The following shows the affect of running the Server Cluster Recovery Utility. Start with the following cluster configuration. In this case, Disk G has failed and is to be replaced by Disk H. (Note, if the failed disk was in the cluster group, you may have to start the Cluster Administration tool on the cluster node itself using “.” as the cluster to connect to).
In the cluster recovery utility specify a cluster and select the “Replace a physical disk resource” option and click the Next button.
You now need to select the old (failed) physical disk resource and the new physical disk resource. You can either type the name of the resource or select it from the set of physical disk resources on the cluster (Note: The old and new physical disk resources MUST be in the same resource group for the replacement to succeed).

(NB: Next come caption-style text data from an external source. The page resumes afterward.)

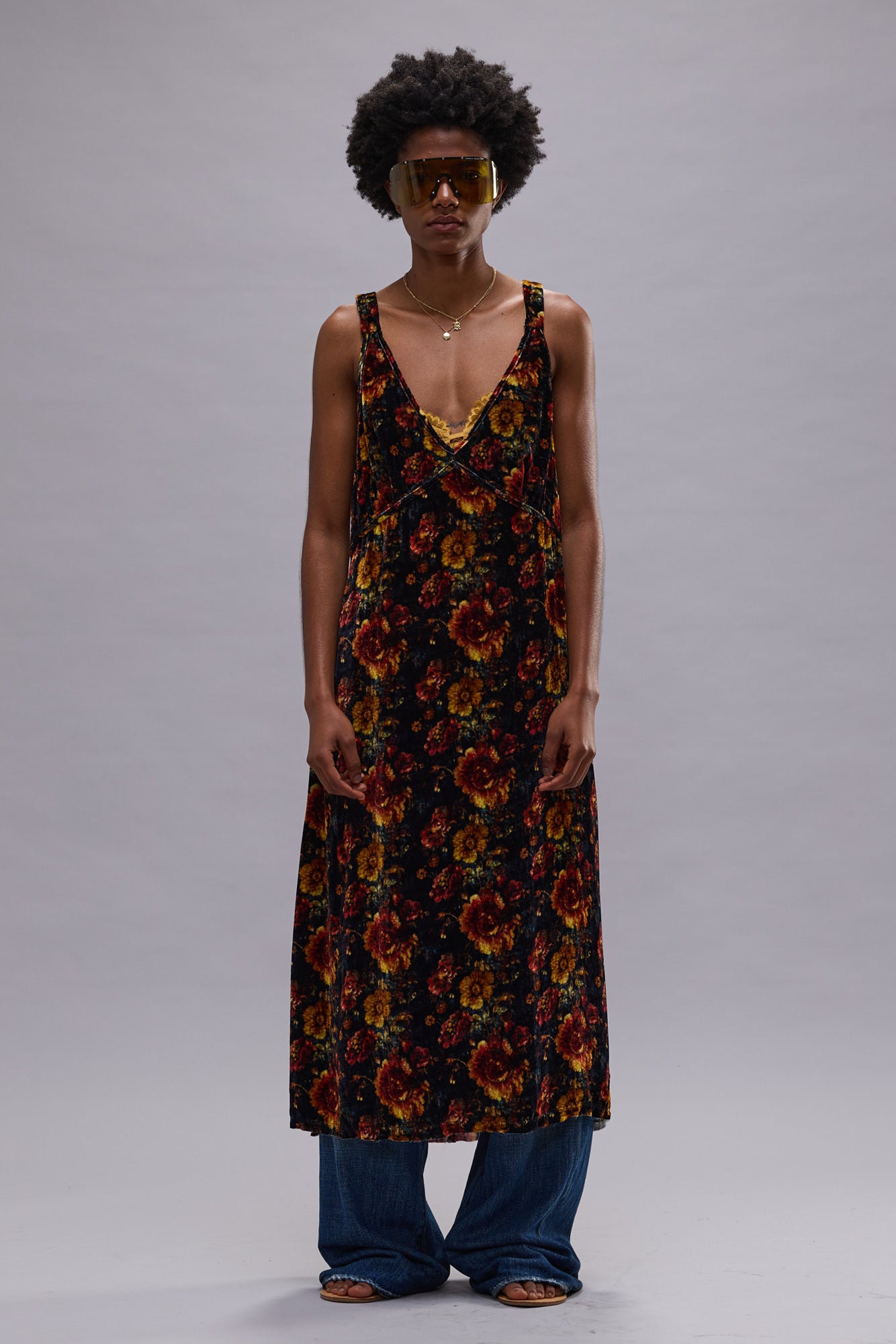 GRUNGE SLIP DRESS - ORANGE MULTI FLORAL - R13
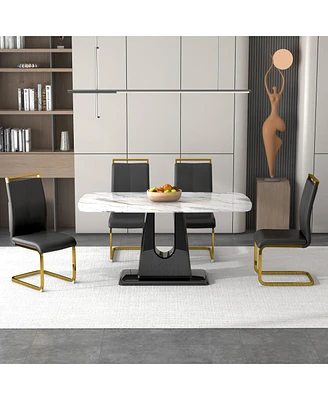 Streamdale Furniture 1 table and 4 chairs. Modern, simple and luxurious white imitation marble rectangular dining table and desk with 4 black Pu gold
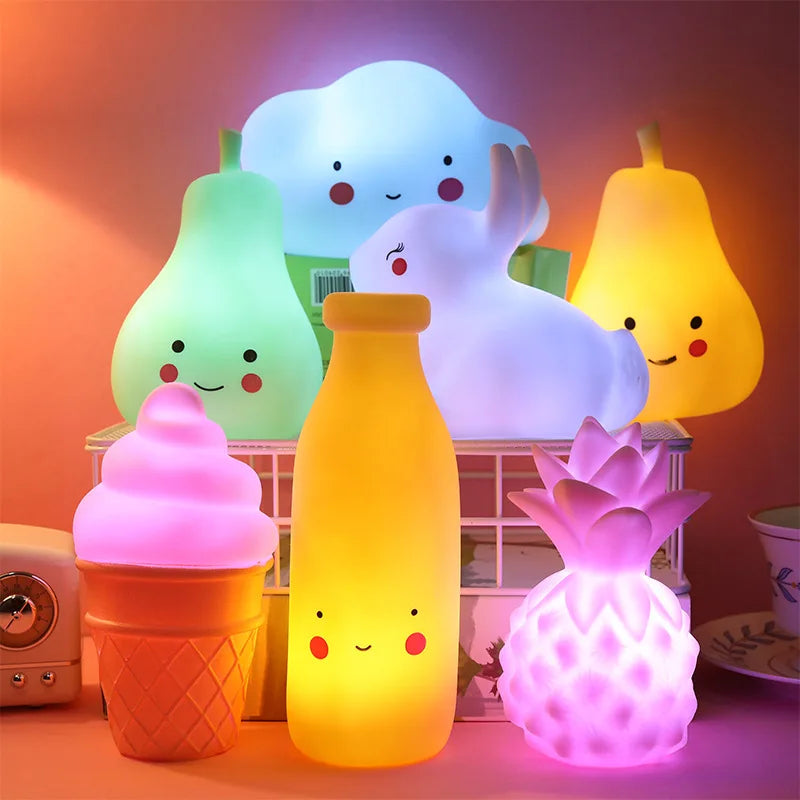 Cute Cartoon Night Light – Adorable LED Lamp in Bear, Cloud, Star, Moon & Ice Cream Designs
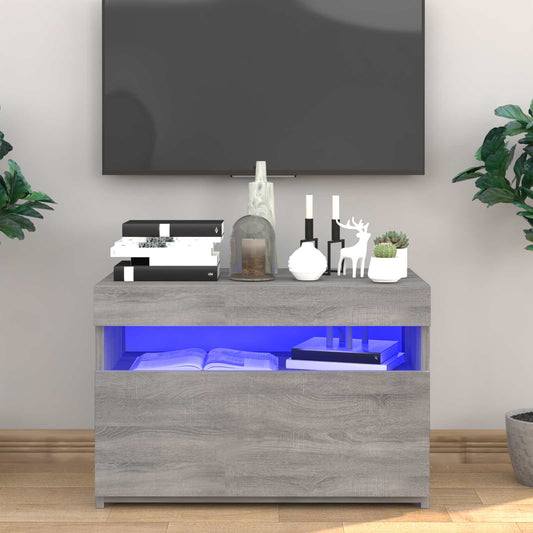 Tv Skříňka S Led Osvětlením Šedá Sonoma 60 X 35 X 40 Cm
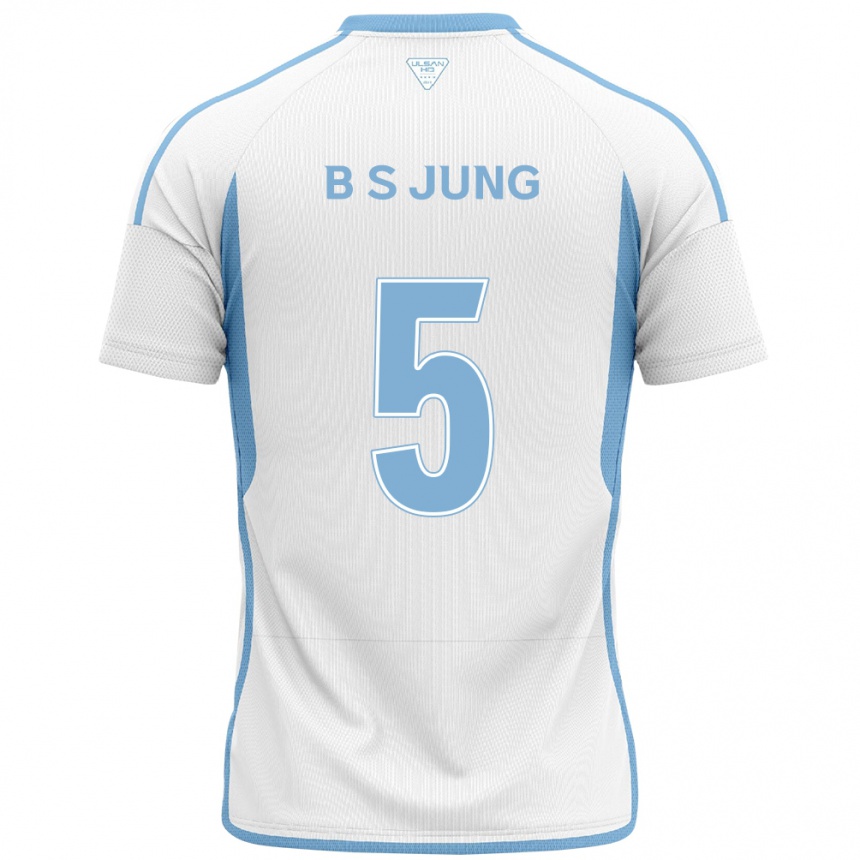 Niño Fútbol Camiseta Seong-Bin Jung #5 Blanco Azul 2ª Equipación 2024/25 Perú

Once you have selected the resources, click the Next button. If the substitution was successful, the following message will appear to remind you of the procedures to ensure correct application operation.

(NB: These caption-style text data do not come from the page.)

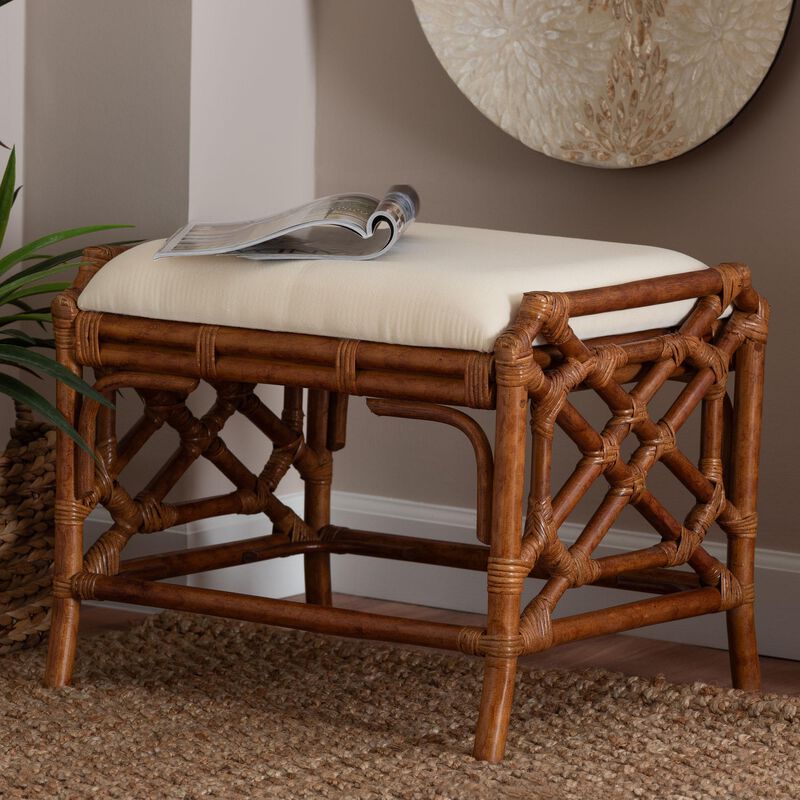 bali & pari Morley Marbled Tortoise Natural Rattan Ottoman - Handcrafted Accent Footstool with Decorative Frame, Coastal Tropical Style for Living Room image number 1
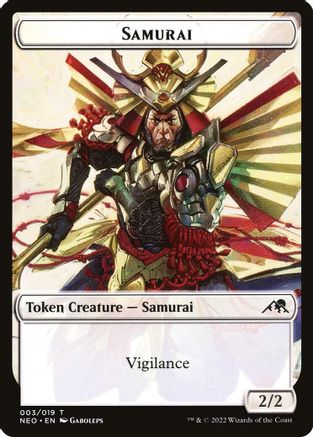Samurai (003) // Goblin Shaman (008) Double-sided Token  [Foil]  (NEO-3 // 8) - [Kamigawa: Neon Dynasty]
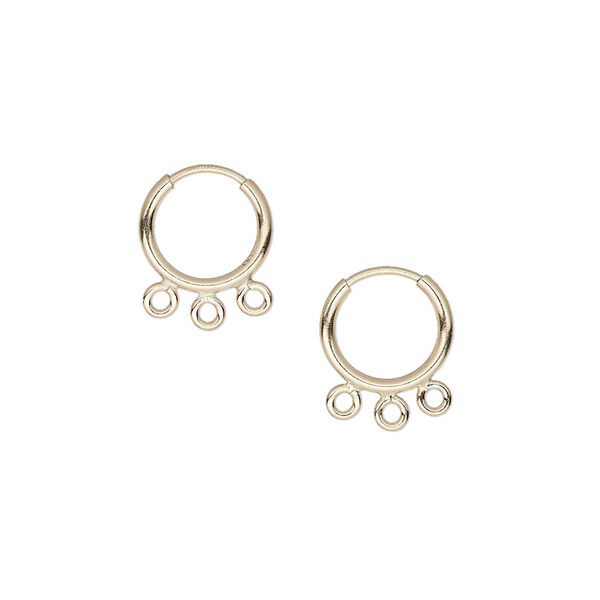 Earring hoop 1pkg2 14Kt gold-filled, 10mm / endless loop / 3 closed bottom loop, 21 gauge 1 pair image number 0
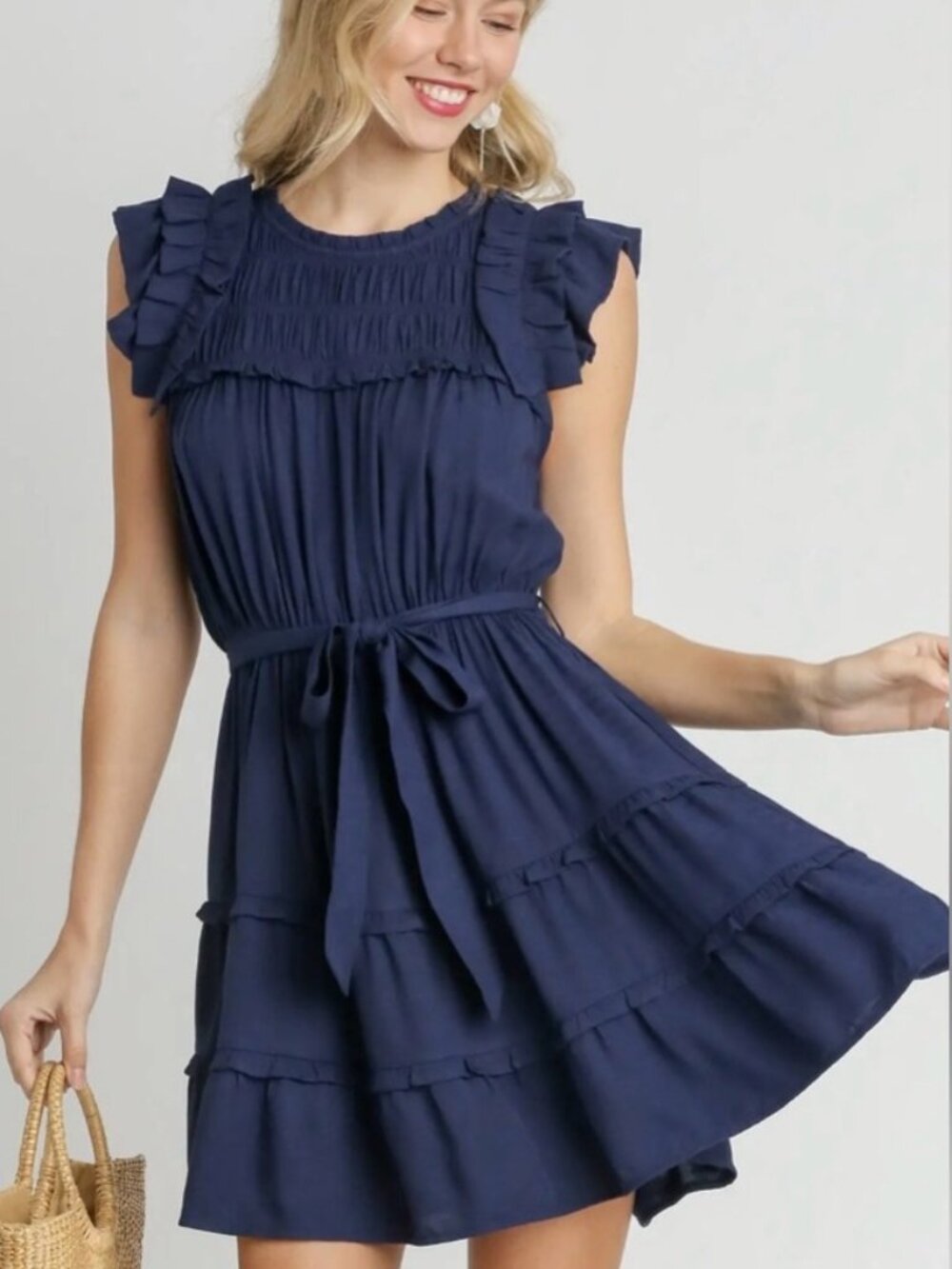UMGEE Smocked Flutter Sleeve Tiered Navy Dress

All appropriate public and private properties from the old resource such as failover policies, timeouts, chkdsk attributes etc. are carried from the old resource and applied to the new resource. Any dependencies and/or dependents on the old physical disk will be transferred to the new physical disk and the new resource is renamed to match the old one and the old resource is renamed with the suffix “(lost)”. After running the cluster recovery utility, the configuration above looks like:
To complete the replacement, you should bring the new disk resource online and use the disk management snap-in to change the drive letter to match the old disk resource (this is necessary because applications that are using the disk will typically reference files on the disk via a drive letter). Once you are happy that the new resource has the cluster properties that you want from the old resource, you can delete the old physical disk resource as it is no longer required.